Теперь я приступаю к поискам дочери Ирмы фон Раабе, писал Ганс. В заключение он передавал всяческие приветы, обещал вместе со своими друзьями — «у нас тут образовался целый кружок под девизом «За любовь Ирмы Раабе» — довести дело до конца, пройти теперь уже по нынешним следам этой давней истории. Он найдет дочь Ирмы, если она жива, и передаст ей копии писем, написанных ее матерью. Пусть она знает, как все было на самом деле, и не считает свою мать сумасшедшей, как хотелось бы треклятому эсэсовцу Раабе. Ганс не сомневался, что Алексей не будет возражать.
«Я думаю, — писал он, — что мы имеем моральное право это сделать. Сейчас, через десятилетия, эти удивительные письма из прошлого потеряли характер личной переписки, они стали свидетельством того, что благородство, любовь, честность сильнее ненависти, они не сгорают даже в огне войны».
Ганс обещал, что и впредь будет относиться к письмам Ирмы очень бережно. Если удастся ее разыскать, дочь Ирмы будет решать, в какой степени возможно их обнародовать как романтические документы тяжелого времени.
«Продолжаю искать следы Коршуна, — сообщал Ганс. — Таких стервятников нельзя оставлять на свободе».
Еще он не без юмора написал, что его послание получилось таким длинным из-за того, что у него сейчас много свободного времени, он «залечивает боевые раны» после молодежной демонстрации протеста против американских военных баз на территории его страны.
«В демонстрации нашей участвовали девчонки и парни из разных молодежных организаций, с разными идейными взглядами и убеждениями. Шли вместе студенты, рабочие, служащие. И мы все требовали только одного — пусть уберут с нашей земли эти базы и арсеналы с оружием. Знаешь, не очень приятно чувствовать себя сидящим на ядерном погребе, ключи от которого, к тому же, в чужих руках. Мы соблюдали порядок, но на одном из перекрестков на нас набросились эти бандиты — молодые неонацисты… Они пустили в ход кастеты, ломики, велосипедные цепи».

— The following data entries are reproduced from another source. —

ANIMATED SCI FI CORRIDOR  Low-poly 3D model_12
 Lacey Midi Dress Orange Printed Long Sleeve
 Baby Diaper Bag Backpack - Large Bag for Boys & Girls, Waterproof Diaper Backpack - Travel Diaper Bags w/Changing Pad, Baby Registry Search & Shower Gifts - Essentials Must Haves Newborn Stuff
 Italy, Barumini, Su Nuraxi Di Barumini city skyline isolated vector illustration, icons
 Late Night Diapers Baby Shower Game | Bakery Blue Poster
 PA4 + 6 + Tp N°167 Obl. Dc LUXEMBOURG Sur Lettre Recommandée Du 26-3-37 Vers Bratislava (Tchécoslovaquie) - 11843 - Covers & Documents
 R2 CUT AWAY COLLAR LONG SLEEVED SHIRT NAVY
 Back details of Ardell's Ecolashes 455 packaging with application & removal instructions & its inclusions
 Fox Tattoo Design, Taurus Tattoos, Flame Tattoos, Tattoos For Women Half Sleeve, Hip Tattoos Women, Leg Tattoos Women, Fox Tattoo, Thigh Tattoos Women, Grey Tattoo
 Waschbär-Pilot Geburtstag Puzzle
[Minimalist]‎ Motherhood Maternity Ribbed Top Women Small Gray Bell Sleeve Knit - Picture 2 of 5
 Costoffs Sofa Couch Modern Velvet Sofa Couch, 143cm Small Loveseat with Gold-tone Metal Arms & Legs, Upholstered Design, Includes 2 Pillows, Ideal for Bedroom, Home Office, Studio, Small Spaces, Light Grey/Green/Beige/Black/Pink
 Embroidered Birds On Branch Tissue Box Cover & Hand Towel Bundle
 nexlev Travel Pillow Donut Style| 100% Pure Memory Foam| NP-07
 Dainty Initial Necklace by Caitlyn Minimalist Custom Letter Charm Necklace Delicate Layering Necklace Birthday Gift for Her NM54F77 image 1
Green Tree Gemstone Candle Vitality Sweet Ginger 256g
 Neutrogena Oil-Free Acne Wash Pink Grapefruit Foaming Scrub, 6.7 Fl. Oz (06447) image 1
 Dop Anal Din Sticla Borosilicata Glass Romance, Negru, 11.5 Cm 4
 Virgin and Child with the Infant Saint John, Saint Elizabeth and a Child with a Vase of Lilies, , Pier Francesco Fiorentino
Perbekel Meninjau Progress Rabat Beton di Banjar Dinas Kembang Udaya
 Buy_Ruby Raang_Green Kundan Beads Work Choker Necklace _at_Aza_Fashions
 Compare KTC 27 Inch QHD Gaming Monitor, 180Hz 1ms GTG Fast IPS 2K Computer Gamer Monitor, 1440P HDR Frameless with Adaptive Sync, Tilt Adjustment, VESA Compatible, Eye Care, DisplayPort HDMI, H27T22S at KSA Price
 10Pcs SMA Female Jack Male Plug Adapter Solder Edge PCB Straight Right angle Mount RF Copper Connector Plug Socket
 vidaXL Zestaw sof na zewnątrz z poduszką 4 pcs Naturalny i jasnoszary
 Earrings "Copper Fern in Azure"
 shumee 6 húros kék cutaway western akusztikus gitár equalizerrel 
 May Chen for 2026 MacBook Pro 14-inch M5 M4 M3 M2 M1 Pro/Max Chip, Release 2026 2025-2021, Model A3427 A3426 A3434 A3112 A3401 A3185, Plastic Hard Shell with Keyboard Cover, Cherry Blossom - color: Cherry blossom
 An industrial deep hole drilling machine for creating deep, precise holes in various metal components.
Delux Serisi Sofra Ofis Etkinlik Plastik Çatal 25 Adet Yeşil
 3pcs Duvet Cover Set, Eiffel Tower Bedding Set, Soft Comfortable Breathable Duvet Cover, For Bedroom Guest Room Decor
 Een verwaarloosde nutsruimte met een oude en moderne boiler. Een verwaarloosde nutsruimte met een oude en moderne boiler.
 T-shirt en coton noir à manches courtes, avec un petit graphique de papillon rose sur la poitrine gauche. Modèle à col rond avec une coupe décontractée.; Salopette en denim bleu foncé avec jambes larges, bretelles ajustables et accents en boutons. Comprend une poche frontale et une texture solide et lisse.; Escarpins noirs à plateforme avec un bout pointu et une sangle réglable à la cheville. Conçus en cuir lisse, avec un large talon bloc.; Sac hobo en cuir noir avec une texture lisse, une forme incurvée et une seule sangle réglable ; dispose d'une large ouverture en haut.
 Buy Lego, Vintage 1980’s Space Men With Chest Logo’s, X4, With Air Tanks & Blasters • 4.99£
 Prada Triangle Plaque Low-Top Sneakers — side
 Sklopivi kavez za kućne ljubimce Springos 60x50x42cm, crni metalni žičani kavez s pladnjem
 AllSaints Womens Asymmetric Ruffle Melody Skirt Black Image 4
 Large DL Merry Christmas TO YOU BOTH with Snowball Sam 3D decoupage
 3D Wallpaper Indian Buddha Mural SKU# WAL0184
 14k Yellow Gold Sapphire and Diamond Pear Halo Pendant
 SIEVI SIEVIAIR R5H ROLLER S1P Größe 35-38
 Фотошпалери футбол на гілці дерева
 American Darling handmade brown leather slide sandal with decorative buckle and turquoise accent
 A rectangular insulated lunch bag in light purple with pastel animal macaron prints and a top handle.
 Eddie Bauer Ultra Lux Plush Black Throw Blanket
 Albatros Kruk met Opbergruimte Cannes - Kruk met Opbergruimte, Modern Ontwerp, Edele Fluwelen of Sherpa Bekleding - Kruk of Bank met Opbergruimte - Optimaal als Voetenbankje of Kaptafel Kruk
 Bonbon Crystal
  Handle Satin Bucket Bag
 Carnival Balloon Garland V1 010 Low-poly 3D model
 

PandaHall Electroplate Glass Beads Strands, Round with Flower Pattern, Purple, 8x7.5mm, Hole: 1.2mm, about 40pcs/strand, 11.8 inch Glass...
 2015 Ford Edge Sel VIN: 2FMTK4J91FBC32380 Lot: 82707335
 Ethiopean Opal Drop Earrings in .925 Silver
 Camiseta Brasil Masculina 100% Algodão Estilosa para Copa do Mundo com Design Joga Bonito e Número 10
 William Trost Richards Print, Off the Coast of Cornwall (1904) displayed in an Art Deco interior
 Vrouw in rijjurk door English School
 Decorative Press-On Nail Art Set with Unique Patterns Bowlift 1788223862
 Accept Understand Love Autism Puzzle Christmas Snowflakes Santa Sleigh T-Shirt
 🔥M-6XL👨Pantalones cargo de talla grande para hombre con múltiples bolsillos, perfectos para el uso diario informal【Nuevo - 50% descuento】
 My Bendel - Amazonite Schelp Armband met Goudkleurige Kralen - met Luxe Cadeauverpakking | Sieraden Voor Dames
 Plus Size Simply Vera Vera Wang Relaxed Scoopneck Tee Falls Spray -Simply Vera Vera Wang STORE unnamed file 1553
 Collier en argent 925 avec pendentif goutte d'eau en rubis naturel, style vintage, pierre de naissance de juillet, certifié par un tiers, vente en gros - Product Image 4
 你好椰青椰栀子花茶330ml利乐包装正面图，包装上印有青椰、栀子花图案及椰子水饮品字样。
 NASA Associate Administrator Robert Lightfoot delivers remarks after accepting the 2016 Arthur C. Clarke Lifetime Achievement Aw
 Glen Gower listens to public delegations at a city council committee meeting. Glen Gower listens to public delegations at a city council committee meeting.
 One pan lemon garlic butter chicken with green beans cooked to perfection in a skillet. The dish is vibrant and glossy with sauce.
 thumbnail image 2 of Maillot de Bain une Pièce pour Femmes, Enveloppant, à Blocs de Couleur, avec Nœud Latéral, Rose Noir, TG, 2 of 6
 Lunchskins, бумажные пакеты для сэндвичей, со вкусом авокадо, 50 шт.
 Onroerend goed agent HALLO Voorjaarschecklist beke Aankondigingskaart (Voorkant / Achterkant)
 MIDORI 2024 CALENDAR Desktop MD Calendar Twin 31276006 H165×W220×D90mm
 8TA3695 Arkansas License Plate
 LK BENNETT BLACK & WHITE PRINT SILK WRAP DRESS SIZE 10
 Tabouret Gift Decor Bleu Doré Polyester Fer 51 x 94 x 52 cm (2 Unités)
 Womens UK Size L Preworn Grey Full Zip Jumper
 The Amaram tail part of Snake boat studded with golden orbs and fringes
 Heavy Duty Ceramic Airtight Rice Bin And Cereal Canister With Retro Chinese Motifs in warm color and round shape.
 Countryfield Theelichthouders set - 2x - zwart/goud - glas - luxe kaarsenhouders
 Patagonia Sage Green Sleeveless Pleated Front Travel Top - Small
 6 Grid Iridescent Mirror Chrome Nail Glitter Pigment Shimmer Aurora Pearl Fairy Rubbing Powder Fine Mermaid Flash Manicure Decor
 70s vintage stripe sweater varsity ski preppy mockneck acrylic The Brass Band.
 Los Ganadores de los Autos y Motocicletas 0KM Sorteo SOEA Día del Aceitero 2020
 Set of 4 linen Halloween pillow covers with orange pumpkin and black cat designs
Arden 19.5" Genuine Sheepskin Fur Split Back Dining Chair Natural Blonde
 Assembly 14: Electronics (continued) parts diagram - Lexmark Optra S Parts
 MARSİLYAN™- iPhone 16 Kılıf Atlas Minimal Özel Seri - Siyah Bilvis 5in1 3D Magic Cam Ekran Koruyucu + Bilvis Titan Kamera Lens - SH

Ганс подробно описал эту разбойничью вылазку, в результате которой несколько демонстрантов было искалечено. Полиция, как всегда, наблюдала за побоищем со стороны.
— Вообще-то провокация была задумана масштабно: наши ребята прихватили неонацистов в тот момент, когда они закладывали в урну для мусора взрывчатку.
Среди террористов, схваченных, как выразился Ганс, «за коричневые лапы», была…
«Ты ни за что не догадаешься, кто пытался подсунуть нам пластиковую взрывчатку, — писал Ганс. — Оторвись от письма и подумай…»
Заинтригованный Алексей отложил листки бумаги в сторону, прикинул, кто бы это мог быть. Он догадался! Взял снова письмо и проверил себя: да, конечно, — это предводительница молодчиков, затеявших свару на парижской улице…
То, о чем писал Ганс, к сожалению, не было редкостью. Каждый день становились известными общественности новые вылазки неонацистов.